AI and ML are the key drivers of digital transformation. Almost any modern product or service is expected to include services based on advanced machine learning algorithms providing values such as predictive maintenance in manufacturing or cyber incident detection.

Emerging technologies almost always bring privacy and confidentiality considerations, yet the scale and application of AI create unprecedented and unique challenges. Building ML models require vast data; some might be business-sensitive, and some private information. Data scientists use the data to learn, develop adaptive models, and make actionable predictions - often without a transparent, explainable process.

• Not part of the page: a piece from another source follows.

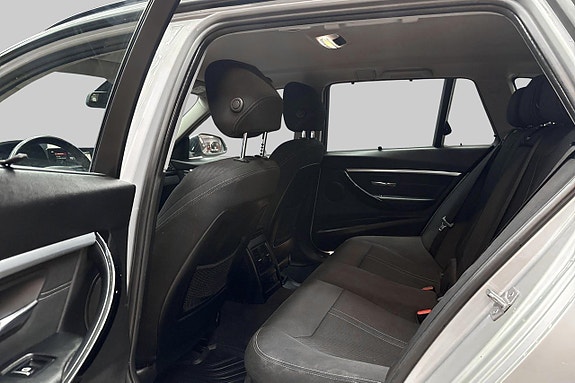 BMW 320 9 of 19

The Cambridge Analytica scandal was an eye-opening global event. People started to take stock of their privacy, leading to the emergence of privacy-related legislation and regulation that drives tectonic changes in the market and customer expectations. With Google's forthcoming sunsetting of the 3rd party cookies, marketers will have to find new ways to be effective in a world without this method of identification. This, in combination with Apple and its fellow tech giants tightening up privacy protections, has reinforced the primacy of first-party data.

Data has become a precious asset; some say it is more valuable than oil. It has been commoditized for some time, but as the conditions change, getting the customers' data, behavior, and profile should become more complex and potentially more expensive as companies need to get the data directly from the customers.

Such changes will probably lead to new ways of building AI and implementing ML. Google is working on an alternative technology for customer profiling based on implementing ML on edge without ever consolidating and anonymizing user data at their data centers. Federated Learning of Cohorts or FLoC will group users into "cohorts" based on their preferences and personal attributes using computations executed directly on users' devices. Derived calculations are consolidated on central servers, where they are combined into a primary model, which is propagated back to the edge for retraining.

Cohorts that categorize users into different topics are not a consensus yet; it's criticized as a method that will not mitigate privacy concerns and even rejected by leading browsers. But the federated learning technology is undoubtedly something of notice in this new era. Federated learning is a machine learning technique that trains the algorithms across multiple decentralized edge devices or servers holding local data samples without exchanging them. It takes into account that local data samples are not necessarily identically distributed.

 Federated learning can become a new way to collaboratively create insights and value without sharing valuable and sensitive or confidential data 

This collaborative learning method allows multiple parties to build a robust and common machine learning model without compromising the sovereignty and confidentiality of each actor's data. Thus allowing us to address the critical issue of data privacy, data security, and data access rights.

This technology is not a commodity yet, as other machine learning techniques and tools are available in public cloud providers or other dedicated machine learning platforms. Some complicated problems need to be solved before federated learning can become a standard tool in the arsenal of data scientists. One example might be vertical federated learning (versus horizontal federated learning), where collaborating parties might not hold the same feature space. This use case will require that parties share the same ID space, which might introduce yet another data-sharing requirement.

Prediction is difficult, mainly when it involves the future. But as technology evolves and problems are solved, federated learning can become a new way to collaboratively create insights and value without sharing valuable and sensitive or confidential data. Retailers can build customer preference models without sharing customer data. Cyber security platforms can create unified detection algorithms, and manufacturing execution systems can predict maintenance windows without requiring a single party to aggregate the telemetry data.